Il faut aussi éviter de laisser des traces matérielles, et pour cette raison
la destruction mentale est préférable aux dégâts physiques ; les éventuelles captations visuelles des séances seront détruites après-coup.
Plusieurs autres groupes
de professionnels sont impliqués dans la pratique de torture : la contagion
se répand bien au-delà du cercle limité des tortionnaires. En dehors des juristes
fournissant une légitimation à leurs actes, sont régulièrement
mentionnés des psychologues,
des psychiatres, des médecins
(obligatoirement présents
au cours de chaque séance),
des femmes (les tortionnaires sont
des hommes, mais l’avilissement sous le regard des
femmes aggrave l’humiliation),
des professeurs d’université
produisant les justifications morales,
légales ou philosophiques.
Qui, aujourd’hui,
doit être tenu pour responsable de ces perversions de la loi et des principes moraux les plus élémentaires ?
Les exécutants volontaires
de la torture le sont moins
que les hauts fonctionnaires légaux les ayant justifiées et encouragées ;
et ceux-ci, moins que les décideurs politiques qui leur ont demandé de le faire. Les gouvernements étrangers amis, et notamment européens, portent eux aussi une responsabilité
: alors qu’ils ont toujours été
au courant de ces pratiques,
et ont bénéficié des informations obtenues par ce moyen, ils
n’ont jamais élevé la moindre protestation, ni même signifié
leur désapprobation. Dans une
démocratie, la condamnation
des hommes politiques consiste à les priver du pouvoir, en ne les faisant pas réélire. Quant aux autres professionnels, on pourrait s’attendre à ce qu’ils soient sanctionnés
par leurs pairs, car qui voudrait
être l’étudiant d’un tel professeur ? Le justiciable d’un tel juge ? Le patient d’un tel médecin ?
Si l’on
veut comprendre pourquoi ces braves Américains ont accepté si facilement
de devenir tortionnaires,
point n’est besoin de chercher du côté d’une haine ou
d’une peur ancestrale des musulmans et des Arabes.

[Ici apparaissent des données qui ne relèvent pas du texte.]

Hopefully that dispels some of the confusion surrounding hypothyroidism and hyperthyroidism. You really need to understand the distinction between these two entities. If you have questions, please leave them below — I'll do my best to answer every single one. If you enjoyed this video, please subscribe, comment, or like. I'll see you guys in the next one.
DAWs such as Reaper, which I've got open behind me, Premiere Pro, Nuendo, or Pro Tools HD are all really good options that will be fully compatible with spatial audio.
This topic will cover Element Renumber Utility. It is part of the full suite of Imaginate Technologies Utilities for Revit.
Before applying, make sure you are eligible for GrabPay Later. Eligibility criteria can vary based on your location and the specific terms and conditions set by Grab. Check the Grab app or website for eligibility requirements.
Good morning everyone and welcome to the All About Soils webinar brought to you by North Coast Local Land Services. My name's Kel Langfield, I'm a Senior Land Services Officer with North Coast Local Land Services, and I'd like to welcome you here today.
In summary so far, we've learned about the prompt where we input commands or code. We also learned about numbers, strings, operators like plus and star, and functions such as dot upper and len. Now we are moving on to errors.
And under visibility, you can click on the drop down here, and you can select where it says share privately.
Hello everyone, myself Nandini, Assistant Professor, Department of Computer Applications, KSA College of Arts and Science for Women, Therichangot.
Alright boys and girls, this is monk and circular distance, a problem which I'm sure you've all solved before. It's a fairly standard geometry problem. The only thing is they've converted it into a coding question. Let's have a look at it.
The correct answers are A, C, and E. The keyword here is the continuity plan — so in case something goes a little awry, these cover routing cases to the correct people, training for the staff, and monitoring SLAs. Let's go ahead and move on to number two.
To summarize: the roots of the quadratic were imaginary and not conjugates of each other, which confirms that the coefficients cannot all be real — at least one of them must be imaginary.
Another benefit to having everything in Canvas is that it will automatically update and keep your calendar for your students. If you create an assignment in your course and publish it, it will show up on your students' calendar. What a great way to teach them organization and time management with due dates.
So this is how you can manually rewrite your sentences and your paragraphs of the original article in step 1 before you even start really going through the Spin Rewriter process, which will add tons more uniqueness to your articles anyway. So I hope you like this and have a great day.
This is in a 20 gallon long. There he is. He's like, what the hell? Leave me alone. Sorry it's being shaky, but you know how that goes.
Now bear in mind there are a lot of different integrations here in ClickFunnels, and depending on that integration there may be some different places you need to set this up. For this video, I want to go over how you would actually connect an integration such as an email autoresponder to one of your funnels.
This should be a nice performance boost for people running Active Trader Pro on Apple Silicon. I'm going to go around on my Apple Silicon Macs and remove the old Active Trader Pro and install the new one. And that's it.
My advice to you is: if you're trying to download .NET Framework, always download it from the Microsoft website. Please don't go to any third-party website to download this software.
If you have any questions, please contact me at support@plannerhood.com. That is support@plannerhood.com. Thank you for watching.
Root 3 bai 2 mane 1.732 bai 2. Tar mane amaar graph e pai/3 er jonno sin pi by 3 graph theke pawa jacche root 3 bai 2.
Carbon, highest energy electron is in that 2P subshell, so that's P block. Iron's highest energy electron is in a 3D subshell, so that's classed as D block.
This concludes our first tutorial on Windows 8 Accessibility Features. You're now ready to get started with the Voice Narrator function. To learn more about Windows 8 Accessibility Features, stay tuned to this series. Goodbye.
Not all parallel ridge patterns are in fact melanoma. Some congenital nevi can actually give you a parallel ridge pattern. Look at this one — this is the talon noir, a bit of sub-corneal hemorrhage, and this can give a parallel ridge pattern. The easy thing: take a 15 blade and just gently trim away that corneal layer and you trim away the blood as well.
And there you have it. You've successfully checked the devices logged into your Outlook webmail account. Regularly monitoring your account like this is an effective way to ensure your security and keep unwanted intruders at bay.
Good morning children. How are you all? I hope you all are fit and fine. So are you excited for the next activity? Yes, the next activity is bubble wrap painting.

Non, la situation est bien
plus grave. La leçon de ces
révélations est plutôt que n’importe
quel homme, à condition
d’être bien encadré, obéissant aux nobles principes dictés par le «sens du devoir»,
par la nécessaire «défense
de la patrie» ou mû par l’élémentaire peur pour la vie et le bien-être
des siens, peut devenir un tortionnaire.